Wczoraj minął rok, odkąd sąd stwierdził, że promowana przez Ripple kryptowaluta XRP stanowi zabezpieczenie jedynie w przypadku sprzedaży inwestorom instytucjonalnym. Głośna decyzja sądu w sprawie XRP w lipcu ubiegłego roku zapewniła pewną jasność regulacyjną dla stale rozwijającej się branży kryptowalut.

Kierownictwo Ripple zastanawiało się nad tą datą, która na zawsze zapisała się w historii XRP i kryptowalut.

Częściowe zwycięstwo: wnioski z orzeczenia Ripple z 2023 r

Trudno uwierzyć, że minął dokładnie rok od wyroku z lipca 2023 r. uznającego XRP za instrument niebędący papierem wartościowym sprzedawany klientom na giełdach publicznych.

W dniu 13 lipca 2023 r. sędzia okręgowy Analisa Torres z południowego dystryktu Nowego Jorku orzekła, że ​​programowa sprzedaż Ripple nabywcom publicznym i dystrybucja XRP pracownikom firmy blockchain nie stanowią sprzedaży niezarejestrowanych papierów wartościowych.

Pozew przeciwko Ripple toczy się od końca 2020 r., kiedy SEC skierowała do Ripple, prezesa wykonawczego Christiana Larsena i dyrektora generalnego Brada Garlinghouse'a pozew o wartości 1,3 miliarda dolarów, zarzucając im sprzedaż niezarejestrowanych papierów wartościowych w formie XRP.

Ripple zapewnił, że XRP należy klasyfikować jako walutę, a nie papier wartościowy, i po przedłużającej się kłótni na sali sądowej sędzia Torres częściowo stanął po stronie firmy fintech z siedzibą w San Franscico.

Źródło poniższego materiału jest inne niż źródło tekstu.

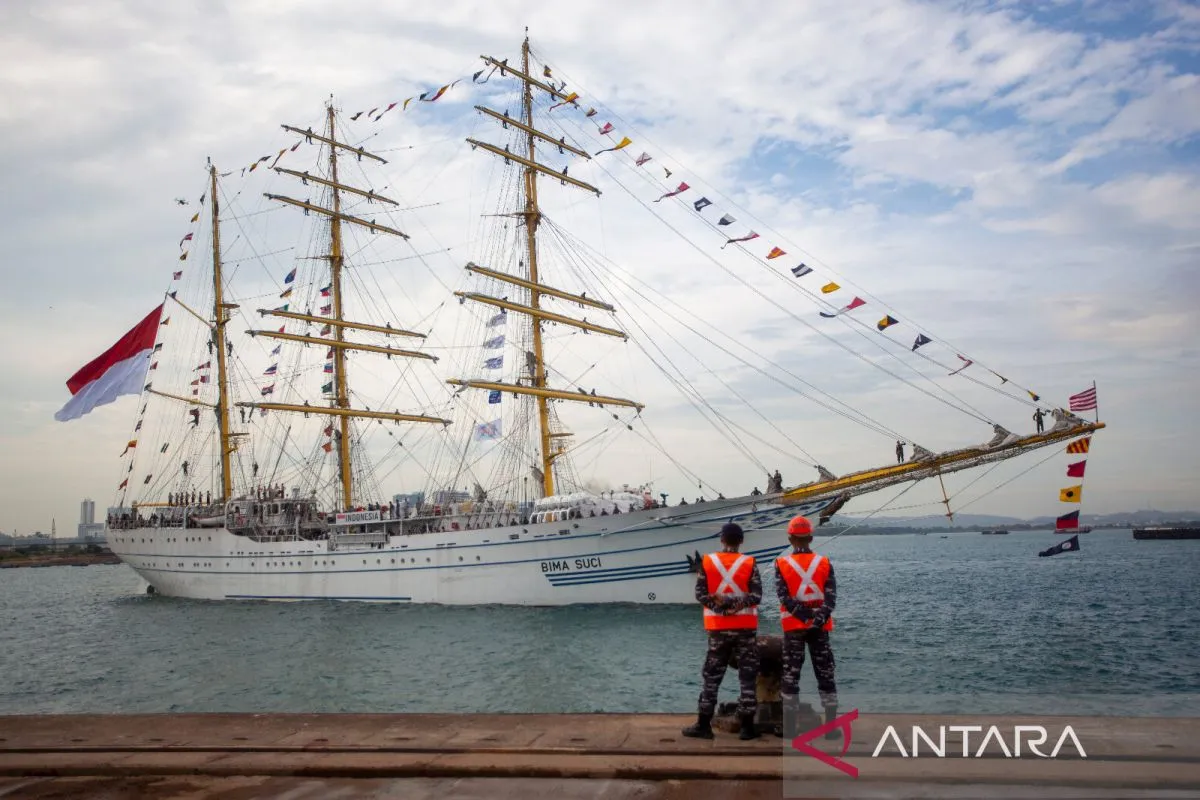 Kapal layar tiang tinggi, KRI Bima Suci. Foto Antara Kapal layar tiang tinggi, KRI Bima Suci. Foto Antara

Warto zauważyć, że zeszłoroczne orzeczenie Torresa w sprawie XRP zostało powszechnie uznane za ogromny krok w kierunku przejrzystości regulacyjnej dla branży kryptowalut i potencjalny precedens dla innych spraw dotyczących papierów wartościowych opartych na kryptowalutach.

Główny dyrektor prawny Ripple, Stuart Alderoty, udał się do X, aby podzielić się swoimi przemyśleniami na temat X, zauważając, że orzeczenie utorowało drogę innym procesom, w tym skardze SEC przeciwko największej na świecie giełdzie Binance, w celu uznania przekroczenia uprawnień organu regulacyjnego i odstępstwa od prawa doktryny pod rządami Gary’ego Genslera.

Ciągła wojna SEC z kryptowalutami

Tymczasem dyrektor generalny Ripple, Garlinghouse, ogłosił, że 13 lipca 2023 r. „był bardzo dobrym dniem dla Ripple i całej branży” oraz „głównym wspomnieniem” dla niego.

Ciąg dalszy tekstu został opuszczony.